An implementation of the Diffusion Monte Carlo method (DMC) for calculating the ground-state energy and wave function of a quantum system. This code is based on the algorithm described in Ref. [1].

Compilation

This program relies on the C++ functionality only present in C++11 or newer. Notably it makes use of the STL thread library. The code can be compiled with a command of the form

g++ -O3 -pthread dmc.cpp -o dmc

or the equivalent for your compiler of choice.

Running

DMC calculations may be run by passing appropriate arguments to the template function

template< int maxN, int dp >
void runSimulation( const int pNum, const int N0, const int nb, const double xmin, const double xmax,
                    const double timeStep, const double relaxTime, const double alpha,
                    std::array<double, dp> &x0, std::function<double (std::array<double, dp> &)> &V,
                    const int numThreads = 1, const bool printWF = false, const bool printDist = false )

The parameters are:

-maxN: The maximum number of points in the distribution.

-dp: The effective dimension of the problem, the number of particles multiplied by the spatial dimension.

-pNum: The number of particles.

-N0: The initial number of points in the distribution.

-nb: The number of buckets used for determining the wave function.

-xmin and xmax: Defines the support of the wave function [xmin,xmax]^dp.

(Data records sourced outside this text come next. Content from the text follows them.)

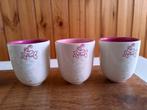 3 bekers van Jet ter steege, Ophalen of Verzenden, Zo goed als nieuw, Overige stijlen, Kop(pen) en/of Schotel(s)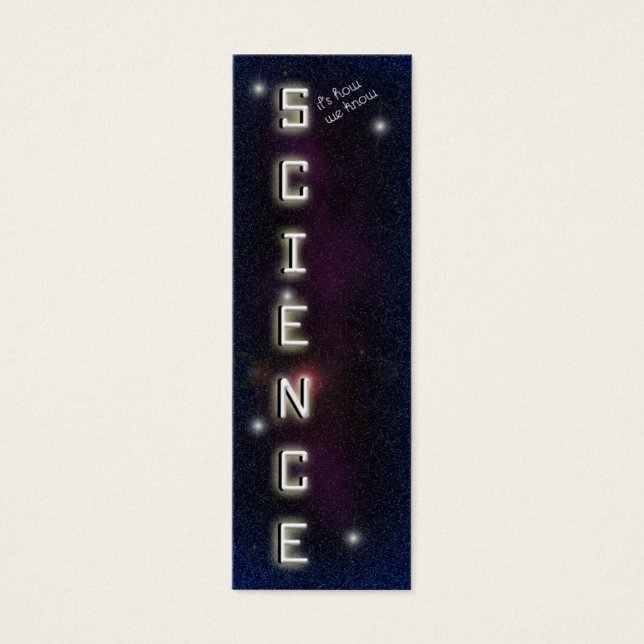 Science Bookmark (Front)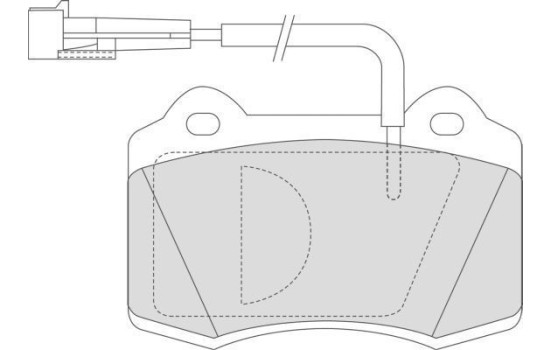 Kit de plaquettes de frein, frein à disque 36946 ABS, Image 2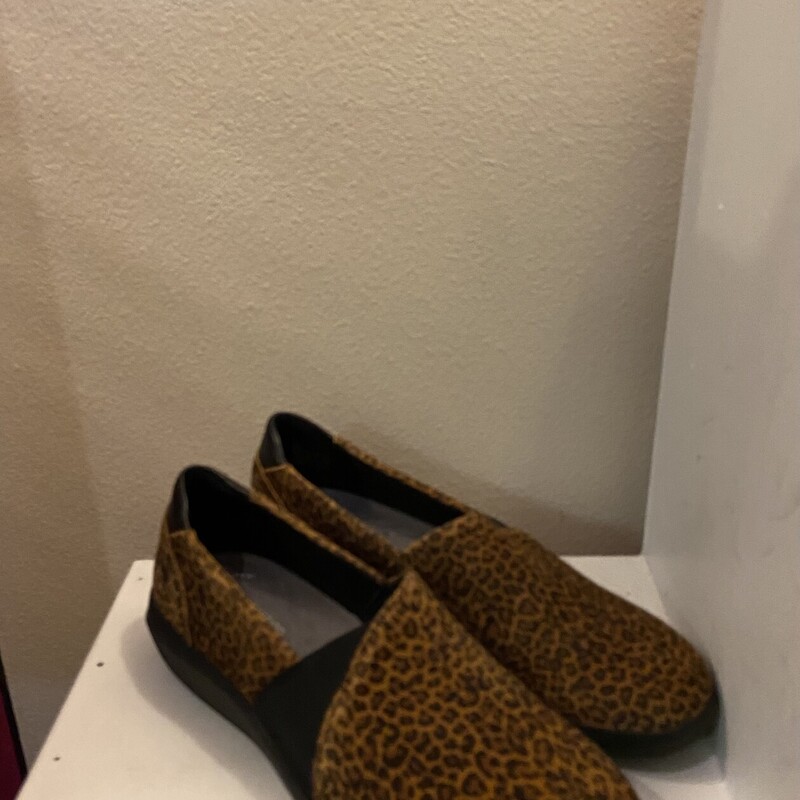 Brw/Blk Leop Fab Slipon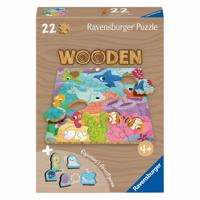 Ravensburger houten legpuzzel onderwaterdieren - 22st.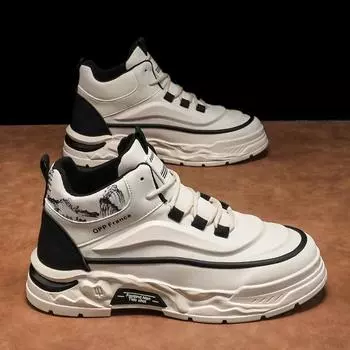 Кроссовки для мужчин, мужская спортивная обувь, легкие высокие кроссовки, модные универсальные кроссовки с толстой подошвой, взрывной стиль 39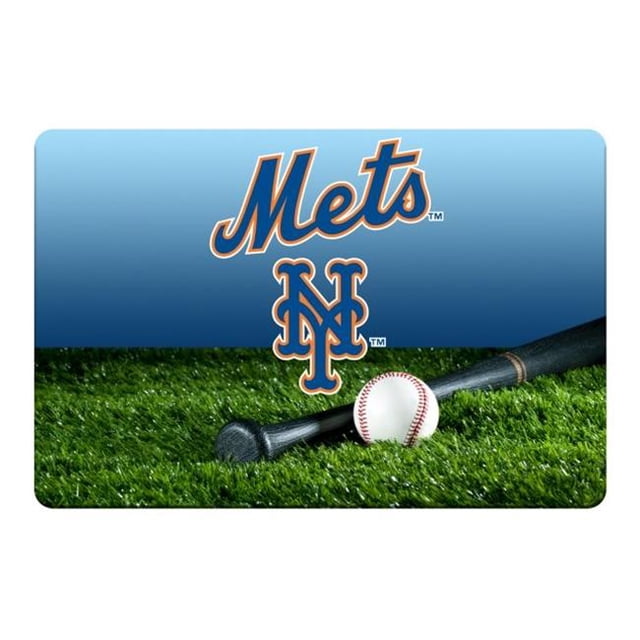New York Mets Pet Bowl Mat Team Color Baseball Size Large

-timeStep: The time step in atomic units.

-alpha: Update parameter for the self consistent energy calculation.

-x0: The initial position of all points in the distribution.

-V: The potential.

-numThreads: The number of concurrent simulations run.

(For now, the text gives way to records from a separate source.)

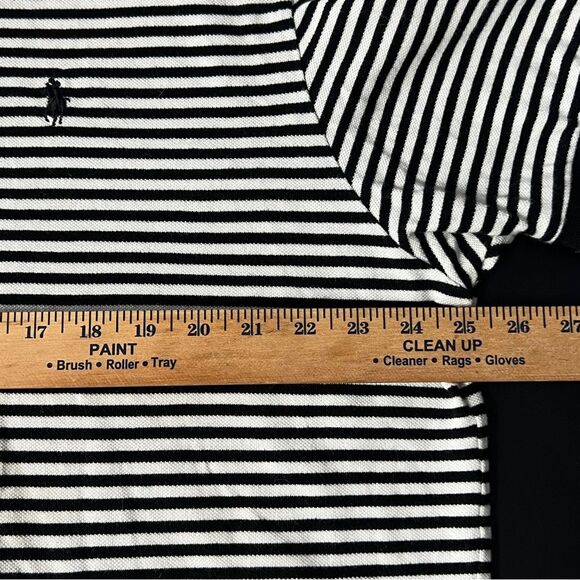 Mens Polo Ralph Lauren Black and White Striped Shirt 0648 - Picture 11 of 12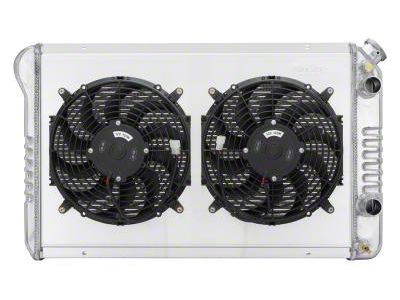 COLD-CASE Radiators Aluminum Performance Radiator with Dual 12-Inch Fans (82-92 Firebird w/ LS Swap)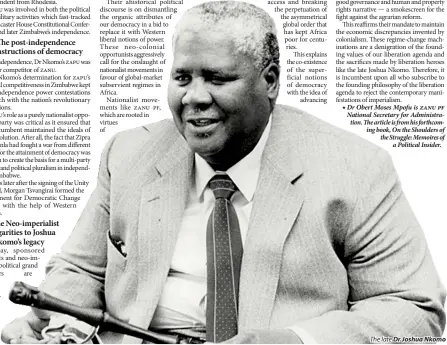  ??  ?? The late Dr Joshua Nkomo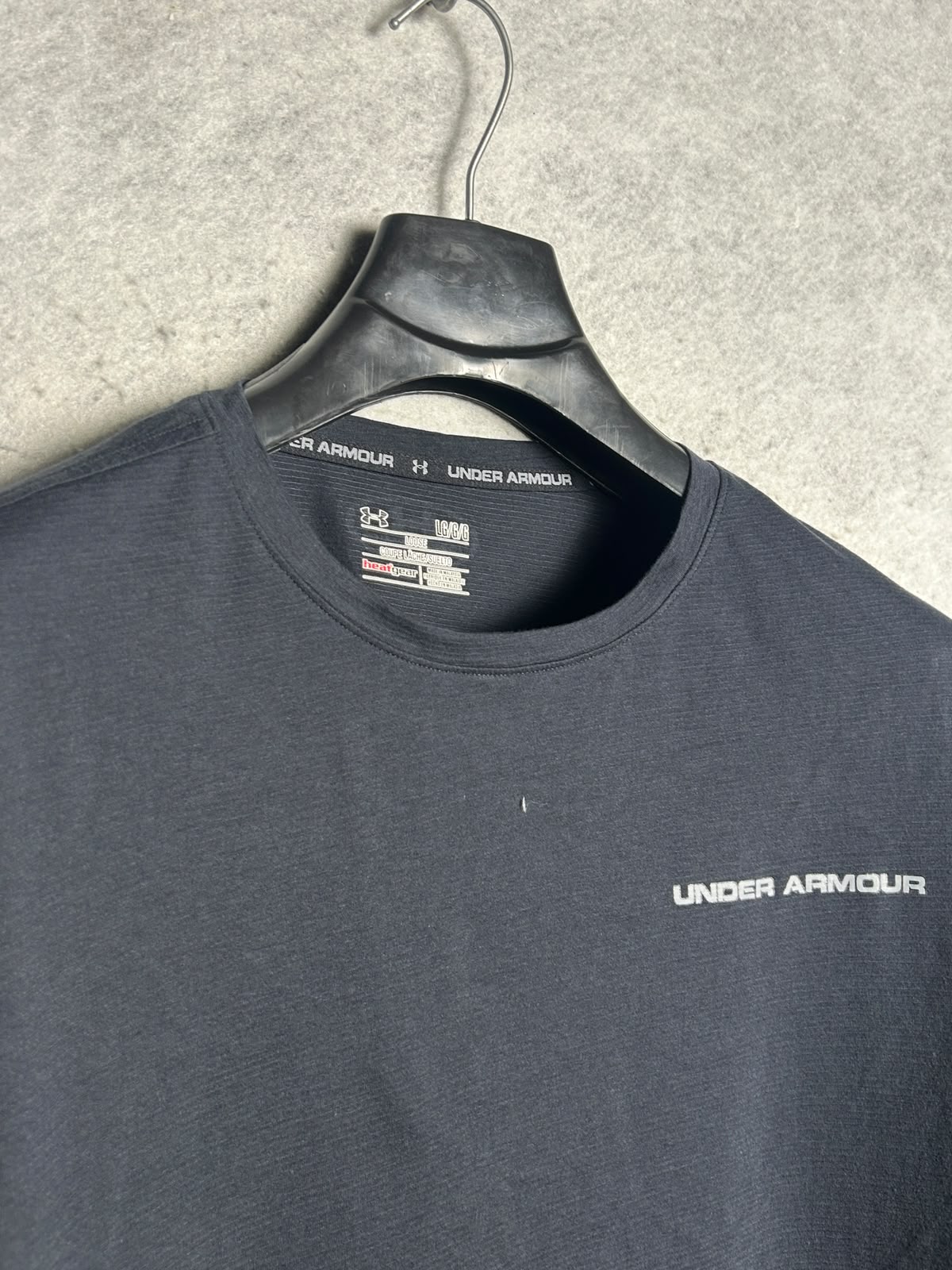 Under Armour Heat Gear Round Neck Black - Large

-printWF: A boolean flag that controls output of the wave function

-printDist: A boolean flag that controls output of the distribution of points.

Two other functions that may be of interest to the user are

double uniform( const double a, const double b)
double gaussian( const double mean, const double stdDev)

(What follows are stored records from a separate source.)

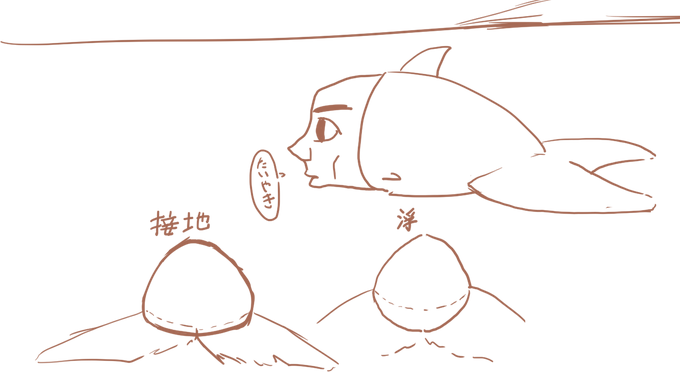 @ki113r_m3rM41d 実際3面図なら説明用だと思うので、完全な真横とするよりそこだけ角度ズラしてこのたいやきみたいにした方が分かりやすいかもしれない。3Dモデリングの下絵にする3面図なら不適切だけど。イルカとか尾ひれが水平なタイプの子はオーバーにお腹側にヒレ中心寄せた方がそれっぽく見える…と思ってる 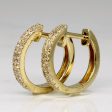 Yellow Gold Diamond Hoop Earrings | 0.14ctw | Hot on Sale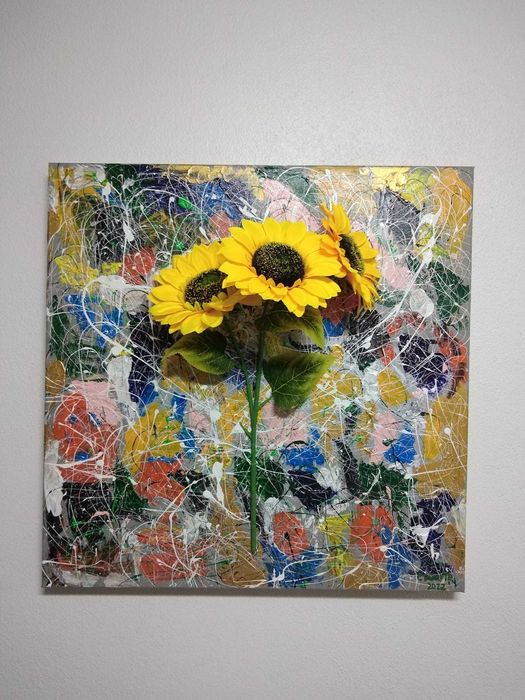 Quadro Girassóis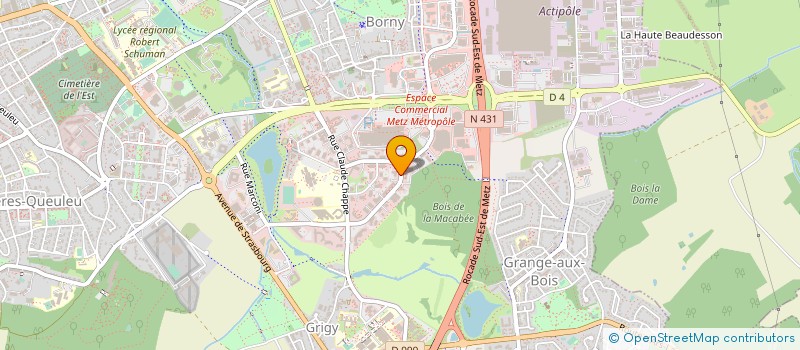 localisation de l'entreprise YUPULSE à METZ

which can be used to generate random numbers drawn from uniform/Gaussian distributions. These may be useful for generating initial values for x0.

The sample parameters provided in dmc.cpp will calculate the ground state of the quantum harmonic oscillator.

References

[1] I. Kosztin, B. Faber, and K. Schulten, Introduction to the Diffusion Monte Carlo Method. arXiv:physics/9702023 [physics.comp-ph].